> **Task details**:
The required output is the lines below from the line containing "vidaXL TV-taso LED-valoilla" to the line containing "JMIATRY Lot de", inclusive, retyped exactly. No other lines belong in it.

[Exercise input Boundary: Start]

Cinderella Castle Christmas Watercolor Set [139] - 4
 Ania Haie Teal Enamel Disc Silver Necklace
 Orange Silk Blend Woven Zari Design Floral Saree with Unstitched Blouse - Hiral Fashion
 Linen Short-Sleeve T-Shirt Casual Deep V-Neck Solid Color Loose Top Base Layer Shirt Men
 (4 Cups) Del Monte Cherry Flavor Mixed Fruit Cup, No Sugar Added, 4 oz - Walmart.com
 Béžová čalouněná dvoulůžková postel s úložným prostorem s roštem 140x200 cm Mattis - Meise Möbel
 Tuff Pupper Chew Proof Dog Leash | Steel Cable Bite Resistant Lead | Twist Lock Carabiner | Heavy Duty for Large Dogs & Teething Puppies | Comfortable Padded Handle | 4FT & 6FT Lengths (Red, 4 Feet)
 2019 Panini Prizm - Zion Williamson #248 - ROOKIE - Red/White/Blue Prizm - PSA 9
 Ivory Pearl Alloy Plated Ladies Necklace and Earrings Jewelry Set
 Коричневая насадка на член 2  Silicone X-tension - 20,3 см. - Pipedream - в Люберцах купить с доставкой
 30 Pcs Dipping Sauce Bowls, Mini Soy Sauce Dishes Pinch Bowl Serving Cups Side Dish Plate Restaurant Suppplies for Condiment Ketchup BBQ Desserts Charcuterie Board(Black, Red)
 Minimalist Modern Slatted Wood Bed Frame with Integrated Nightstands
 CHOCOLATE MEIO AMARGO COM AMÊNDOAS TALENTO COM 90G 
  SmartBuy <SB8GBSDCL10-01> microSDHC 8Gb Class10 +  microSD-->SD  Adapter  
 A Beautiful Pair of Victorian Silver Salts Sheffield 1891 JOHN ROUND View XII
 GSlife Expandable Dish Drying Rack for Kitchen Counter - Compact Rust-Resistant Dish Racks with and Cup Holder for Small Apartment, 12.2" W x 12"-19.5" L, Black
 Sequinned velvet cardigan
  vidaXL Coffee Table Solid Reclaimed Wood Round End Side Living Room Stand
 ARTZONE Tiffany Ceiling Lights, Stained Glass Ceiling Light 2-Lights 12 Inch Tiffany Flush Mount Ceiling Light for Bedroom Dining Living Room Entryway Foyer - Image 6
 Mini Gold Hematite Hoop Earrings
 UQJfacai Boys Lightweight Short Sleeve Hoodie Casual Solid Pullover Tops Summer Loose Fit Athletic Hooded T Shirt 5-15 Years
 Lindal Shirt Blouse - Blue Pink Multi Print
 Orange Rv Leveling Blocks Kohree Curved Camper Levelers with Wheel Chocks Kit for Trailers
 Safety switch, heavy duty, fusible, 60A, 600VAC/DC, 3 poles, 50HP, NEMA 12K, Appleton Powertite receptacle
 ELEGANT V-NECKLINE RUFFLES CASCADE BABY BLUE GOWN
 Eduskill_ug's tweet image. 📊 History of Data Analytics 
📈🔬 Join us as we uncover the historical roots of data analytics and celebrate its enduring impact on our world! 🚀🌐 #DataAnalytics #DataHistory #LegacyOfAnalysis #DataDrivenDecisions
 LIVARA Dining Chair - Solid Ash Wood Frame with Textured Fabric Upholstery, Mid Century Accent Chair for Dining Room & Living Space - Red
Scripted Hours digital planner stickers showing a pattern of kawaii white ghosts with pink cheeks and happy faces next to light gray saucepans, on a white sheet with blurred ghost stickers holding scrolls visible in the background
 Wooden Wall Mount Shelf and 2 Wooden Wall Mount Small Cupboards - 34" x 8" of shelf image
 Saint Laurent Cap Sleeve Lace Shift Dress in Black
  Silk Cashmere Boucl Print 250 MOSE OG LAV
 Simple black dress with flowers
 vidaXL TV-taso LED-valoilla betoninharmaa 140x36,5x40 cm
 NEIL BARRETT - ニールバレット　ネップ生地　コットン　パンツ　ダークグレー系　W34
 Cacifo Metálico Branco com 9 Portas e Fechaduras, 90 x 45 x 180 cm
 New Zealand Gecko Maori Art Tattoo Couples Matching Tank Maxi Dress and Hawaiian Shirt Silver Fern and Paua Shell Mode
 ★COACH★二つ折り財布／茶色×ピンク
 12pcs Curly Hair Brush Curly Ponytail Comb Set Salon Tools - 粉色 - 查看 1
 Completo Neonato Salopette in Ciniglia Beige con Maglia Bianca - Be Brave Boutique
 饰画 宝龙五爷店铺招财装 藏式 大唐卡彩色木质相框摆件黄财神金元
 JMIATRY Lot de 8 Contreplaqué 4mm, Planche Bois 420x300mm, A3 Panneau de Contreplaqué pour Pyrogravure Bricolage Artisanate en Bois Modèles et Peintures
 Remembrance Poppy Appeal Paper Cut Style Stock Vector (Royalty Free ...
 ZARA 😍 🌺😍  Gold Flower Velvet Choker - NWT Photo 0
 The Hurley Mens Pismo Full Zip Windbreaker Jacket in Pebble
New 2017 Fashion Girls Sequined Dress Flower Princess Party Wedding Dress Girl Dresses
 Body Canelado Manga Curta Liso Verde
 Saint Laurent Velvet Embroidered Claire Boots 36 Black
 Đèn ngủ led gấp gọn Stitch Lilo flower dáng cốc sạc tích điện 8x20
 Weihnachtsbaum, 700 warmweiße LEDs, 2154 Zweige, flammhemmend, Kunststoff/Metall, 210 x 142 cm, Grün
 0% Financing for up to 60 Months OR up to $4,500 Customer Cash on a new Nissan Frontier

[Exercise input Boundary: End]

> **Output below**:
 vidaXL TV-taso LED-valoilla betoninharmaa 140x36,5x40 cm
 NEIL BARRETT - ニールバレット　ネップ生地　コットン　パンツ　ダークグレー系　W34
 Cacifo Metálico Branco com 9 Portas e Fechaduras, 90 x 45 x 180 cm
 New Zealand Gecko Maori Art Tattoo Couples Matching Tank Maxi Dress and Hawaiian Shirt Silver Fern and Paua Shell Mode
 ★COACH★二つ折り財布／茶色×ピンク
 12pcs Curly Hair Brush Curly Ponytail Comb Set Salon Tools - 粉色 - 查看 1
 Completo Neonato Salopette in Ciniglia Beige con Maglia Bianca - Be Brave Boutique
 饰画 宝龙五爷店铺招财装 藏式 大唐卡彩色木质相框摆件黄财神金元
 JMIATRY Lot de 8 Contreplaqué 4mm, Planche Bois 420x300mm, A3 Panneau de Contreplaqué pour Pyrogravure Bricolage Artisanate en Bois Modèles et Peintures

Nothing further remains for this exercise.